It is an incredibly puzzling thing that advocates for lax immigration laws argue that illegal immigrants do the work that American workers refuse.
Outsourcing is great for low prices at Target and Walmart. Increasing cheap labor stateside with a flood of guest workers in competition with the US unemployed is ludicrous.
We may as well shoot ourselves in the foot — or at least shoot the unemployed.
Here’s an idea: employers should pay a living wage to Americans and Americans should be willing to pay it. We are talking about our neighbors down the street.
Second, illegal immigration flattens wages for US workers. For Christ sakes, unemployment rates among African Americans are an ongoing insult — 14% unemployment rate among African Americans in Los Angeles, twice as high as among whites, The Los Angeles Times reports.
Why should the US invite more low-paid immigrants when people are unemployed in Watts?
This is the first time I have seen an immigration story framed with these issues in mind. The Los Angeles Times opens:

Drexell Johnson and his Young Black Contractors of South Central Inc. are hungry for work — and when polite requests for an opportunity are rebuffed, they’re not afraid to raise a ruckus.
After Johnson was cut out of a contract when Staples Center was being built, he drove to the construction site, spinning 360-degree rolls and kicking up doughnuts of dust until, he said, a bulldozer nearly ran him down. In Torrance, his group staged a mock hanging in front of an automaker’s office. And earlier this month, they hauled a makeshift “slave ship” to an Inglewood mall development to symbolize economic injustice.
The tactics may seem outrageous, but they underscore the rage and frustration that Johnson and his cohorts feel about losing out to other workers in the region’s construction boom. Their anger is fueled by a 14% unemployment rate among African Americans in Los Angeles, twice as high as among whites.

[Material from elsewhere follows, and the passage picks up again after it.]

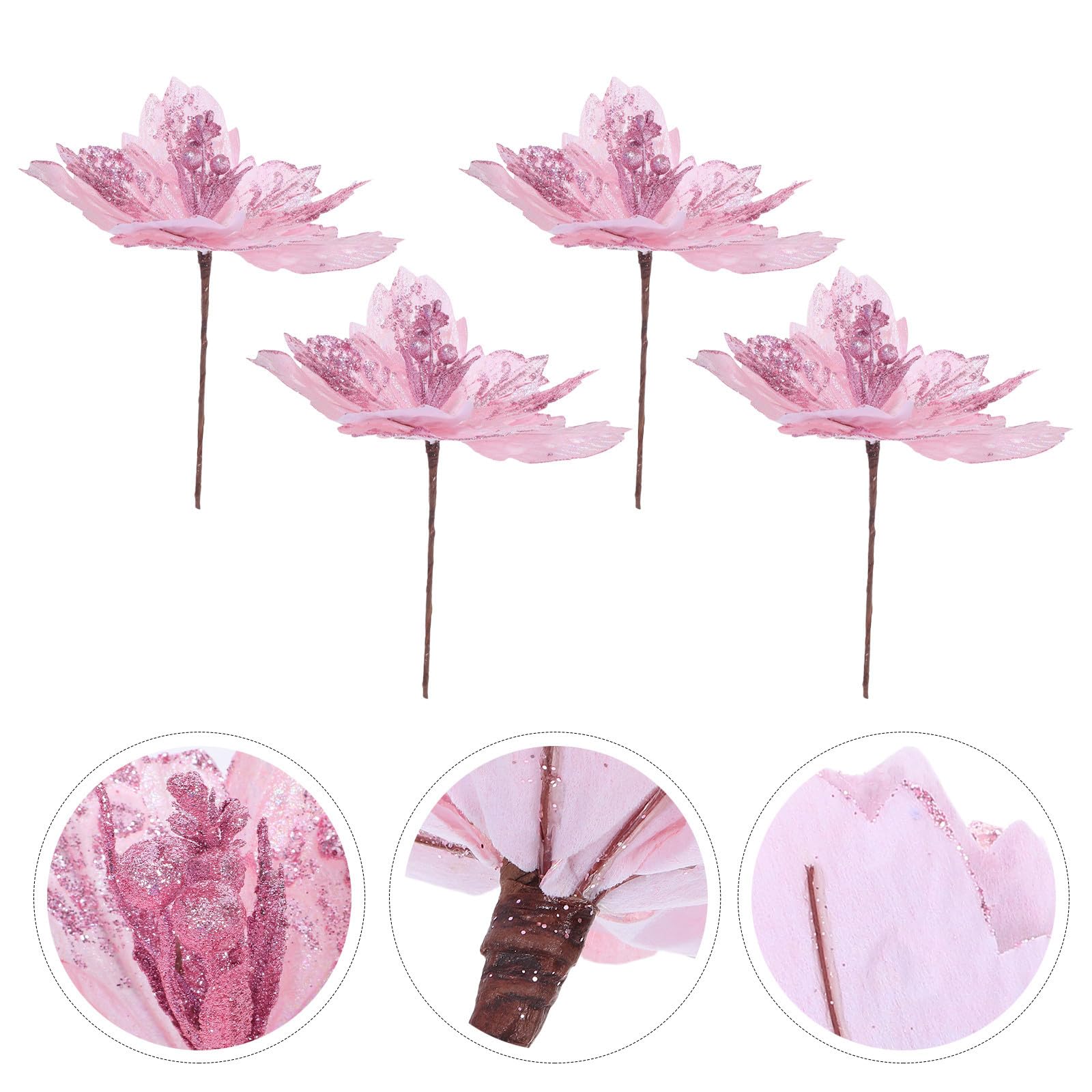 NUOBESTY 20 Stück Weihnachtsstern Kunstblume mit Seidenglitzer für Rosa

Of course, Democrats and Republicans are posturing for the “Latino” vote, as the story notes:

“The Democratic Party cannot afford to ignore the tension and anger among blue-collar African Americans and whites here, because they feel [immigrants] are taking their jobs,” said Kerman Maddox, a Los Angeles public relations executive who has worked on several Democratic campaigns. “Everyone wants the emerging Latino vote, but at what expense?”

Congratulations to California Senators Dianne Feinstein and Barbara Boxer for having the spines to fight for a guest worker program restricted to farm work.
And as far as winning the “Latino” vote in the grandest of US racist tradtions, it appears the prized “voting block” is divided:

Latinos themselves are split on the issue. A Pew Hispanic Center poll last August found that 34% of American-born Latinos surveyed believed that illegal immigrants hurt the economy by driving down wages, compared with 55% who viewed them as an economic benefit by providing cheap labor. The survey found that 32% opposed a temporary-worker program, while 59% favored one.

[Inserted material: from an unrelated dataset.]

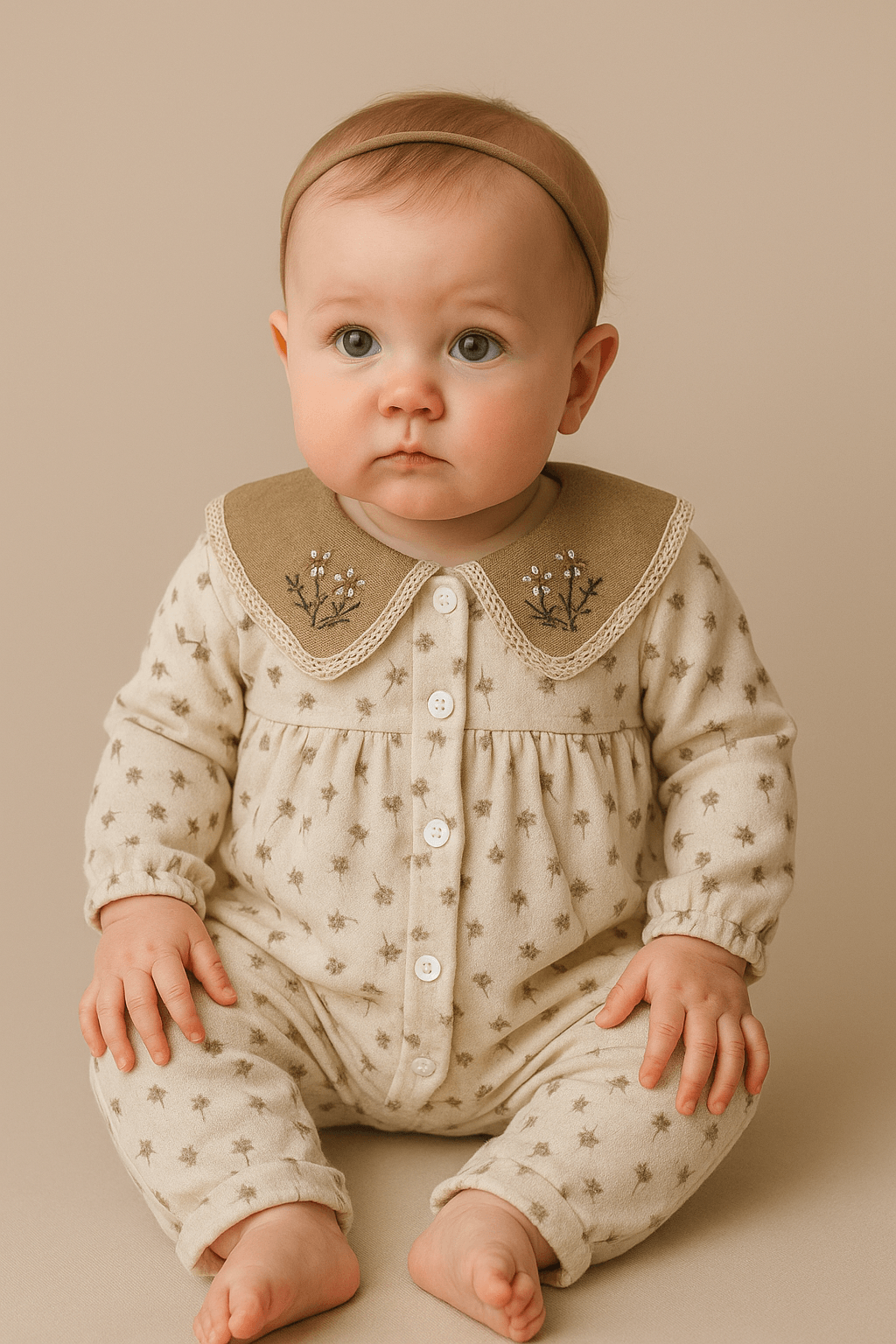 Kız Bebek Tulum – Nakışlı Yaka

Well, maybe not that divided. After all, majorities rule.
Still, the diversity is something news editors and politicians overlook in their search for the silver bullet to grab a bigger slice of the perceived “Latino market.” That market is a pretty diverse crowd of people with some pretty diverse backgrounds resonating from Spain to Argentina to Mexico, Cuba to Nuevo York. Some are Europeans. Some are Native Americans. Some are African. Some are Asian. Some are all mixed up like the rest of us.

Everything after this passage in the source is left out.